Milagros
Es un
maldito clavo ardiendo, y me aferro a él como si mi vida, mi alma, mi cuerpo, y
mi ser, fueran en ello. Me aferro tal y como se aferra un gato a la cornisa de
un vigésimo piso, como a la gaviota que vuela mar adentro para morir, pero que
a última hora decide dar vuelta a tierra para ver aunque sea un atardecer más.
Rara
vez he creído en los milagros, y no obstante estoy pidiendo que se cumpla uno. Pidiendo
que el destino pase por la propia historia, el poder pasear entre las pertenencias
de aquellos que cambiaron el mundo y lo hicieron tal y como lo conocemos, el
milagro de poder viajar en el tiempo a cuando ni tan siquiera yo existía para
poder sentarme en el alfeizar de la realidad.
No
creo en los milagros, tal vez en las coincidencias, y por supuesto, le rezo
todas las noches al instinto.
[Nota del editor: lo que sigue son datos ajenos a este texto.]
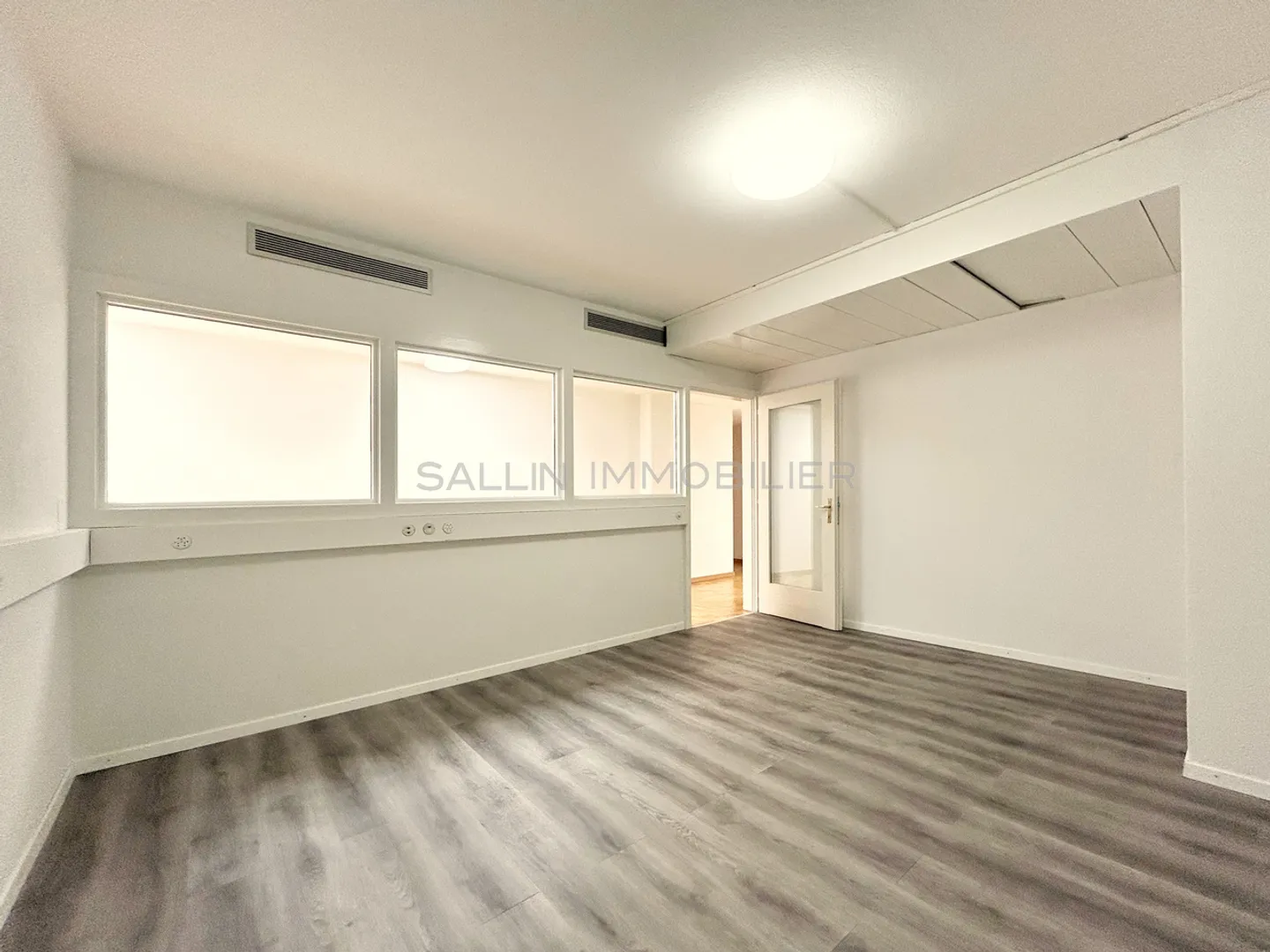 SUPERFICIE AMMINISTRATIVA DI 145 M2 - Foto 4 di 4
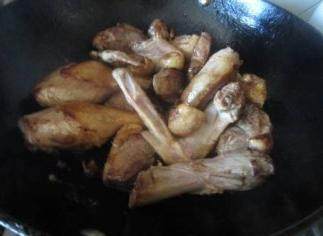 紫苏烧鸭,糖烧到稍稍有点冒泡，下鸭肉块儿翻炒上糖色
Sé que si se cumple, no pasará demasiado tiempo
hasta que toque visitar la tierra del fin del mundo, que si finalmente el
milagro se obra, tendré que despedirme del lucero del alba que ha guiado mis
días y mis noches.
Creo
que estoy preparado para ello, para recorrer lo que me quede de camino en
solitario haciendo honor a su nombre, así que por esta vez, aunque en lugar de
una palada de cal reciba tonelada y media, voy a creer en los milagros.